The short-term economics look great: ship faster, hire cheaper. The long-term economics are brutal: security breaches, performance problems, unmaintainable codebases, and eventually hiring experienced developers at premium rates to fix the mess.
Technical debt accrued through vibe coding compounds faster than any other kind. Because nobody understands the code well enough to even recognize the debt.
How to Actually Use LLMs Well
If you want to leverage LLMs effectively:
- Learn the fundamentals anyway. Data structures, algorithms, security basics, database design. These let you evaluate LLM output.
- Treat LLM output as a first draft. Review it like you'd review a junior developer's PR. Question everything.
- Use LLMs for acceleration, not replacement. Let them handle boilerplate while you focus on architecture and edge cases.
- Understand before you ship. If you can't explain why the code works, you can't debug it when it doesn't.
- Test thoroughly. LLM-generated code needs more testing, not less, because the failure modes are less predictable.
The Bottom Line
LLMs are the most powerful tools we've ever had for writing code. But tools amplify capability—they don't create it.
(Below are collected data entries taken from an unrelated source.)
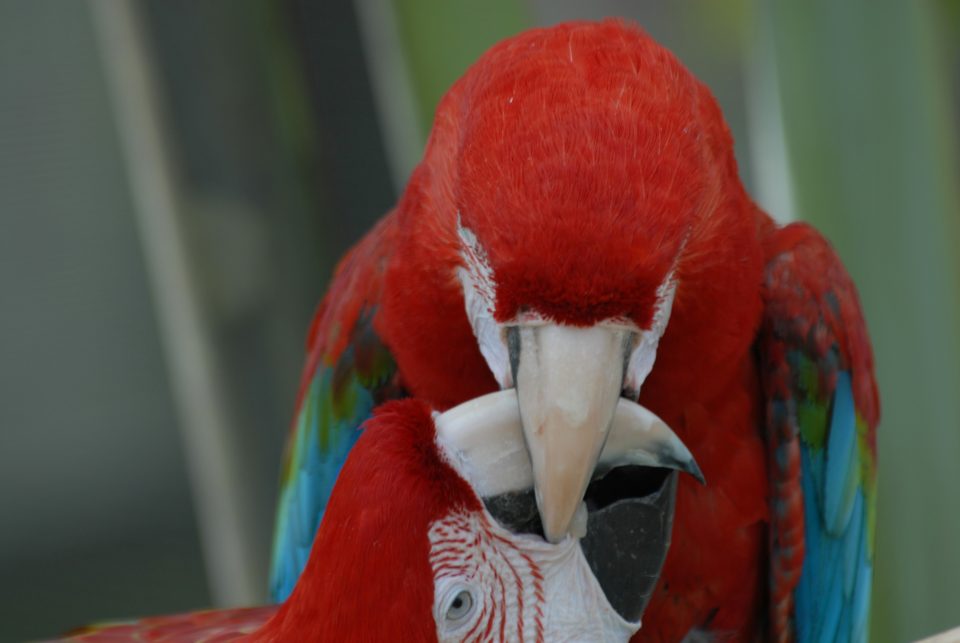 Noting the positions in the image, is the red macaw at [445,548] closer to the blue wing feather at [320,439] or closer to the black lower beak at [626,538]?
the black lower beak at [626,538]

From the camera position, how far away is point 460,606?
0.85m

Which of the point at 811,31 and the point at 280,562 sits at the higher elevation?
the point at 811,31

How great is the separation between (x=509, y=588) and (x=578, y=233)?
0.28 m

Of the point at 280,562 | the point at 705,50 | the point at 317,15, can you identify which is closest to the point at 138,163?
the point at 317,15

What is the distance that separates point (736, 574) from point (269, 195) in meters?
0.80

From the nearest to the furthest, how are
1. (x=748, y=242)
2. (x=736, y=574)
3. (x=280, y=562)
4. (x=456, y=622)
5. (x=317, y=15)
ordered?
(x=456, y=622) → (x=748, y=242) → (x=736, y=574) → (x=280, y=562) → (x=317, y=15)

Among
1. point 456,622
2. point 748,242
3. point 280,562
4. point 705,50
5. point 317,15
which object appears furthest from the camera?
point 705,50

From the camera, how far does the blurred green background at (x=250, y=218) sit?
1.29 m

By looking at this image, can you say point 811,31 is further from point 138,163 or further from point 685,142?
point 138,163

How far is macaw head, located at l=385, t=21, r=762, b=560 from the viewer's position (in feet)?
2.61

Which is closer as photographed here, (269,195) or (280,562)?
(280,562)

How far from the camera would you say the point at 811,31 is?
4.16 ft

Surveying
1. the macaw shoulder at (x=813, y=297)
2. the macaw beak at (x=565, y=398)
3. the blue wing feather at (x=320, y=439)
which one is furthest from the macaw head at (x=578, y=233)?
the blue wing feather at (x=320, y=439)

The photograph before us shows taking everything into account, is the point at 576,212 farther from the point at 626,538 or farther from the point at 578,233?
the point at 626,538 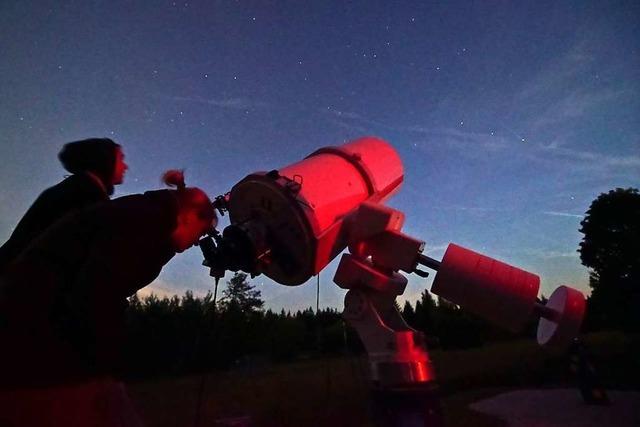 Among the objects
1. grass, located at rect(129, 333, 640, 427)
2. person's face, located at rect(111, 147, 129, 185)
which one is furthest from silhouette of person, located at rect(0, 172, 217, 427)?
grass, located at rect(129, 333, 640, 427)

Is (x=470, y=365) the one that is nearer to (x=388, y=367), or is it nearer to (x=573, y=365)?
(x=573, y=365)

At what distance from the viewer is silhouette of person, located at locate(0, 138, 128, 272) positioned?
1.58 metres

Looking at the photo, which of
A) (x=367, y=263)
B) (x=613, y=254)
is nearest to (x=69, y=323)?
(x=367, y=263)

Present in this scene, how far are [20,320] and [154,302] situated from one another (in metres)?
18.8

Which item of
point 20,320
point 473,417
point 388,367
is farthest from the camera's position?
point 473,417

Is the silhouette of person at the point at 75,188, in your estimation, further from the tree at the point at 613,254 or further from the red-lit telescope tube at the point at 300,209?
the tree at the point at 613,254

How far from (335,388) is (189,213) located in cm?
632

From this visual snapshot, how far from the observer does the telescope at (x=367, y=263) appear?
1.98 m

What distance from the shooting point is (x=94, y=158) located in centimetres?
187

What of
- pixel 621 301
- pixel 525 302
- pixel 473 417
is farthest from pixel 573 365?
pixel 621 301

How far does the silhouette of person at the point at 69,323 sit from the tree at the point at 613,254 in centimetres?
2008

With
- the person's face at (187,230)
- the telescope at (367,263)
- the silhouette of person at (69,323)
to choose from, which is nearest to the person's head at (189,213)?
the person's face at (187,230)

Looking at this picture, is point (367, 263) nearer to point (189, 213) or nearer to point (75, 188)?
point (189, 213)

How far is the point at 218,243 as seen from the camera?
2043mm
A chainsaw makes an experienced woodworker dramatically more productive. Give a chainsaw to someone who's never worked with wood, and you get a mess—or worse.
Vibe coding is the chainsaw-with-no-experience approach to software. It produces output that looks like the real thing until it doesn't. And when it fails, it fails in ways that are expensive, embarrassing, and sometimes dangerous.
Learn the craft. Use the tools. But never confuse generating code with understanding it.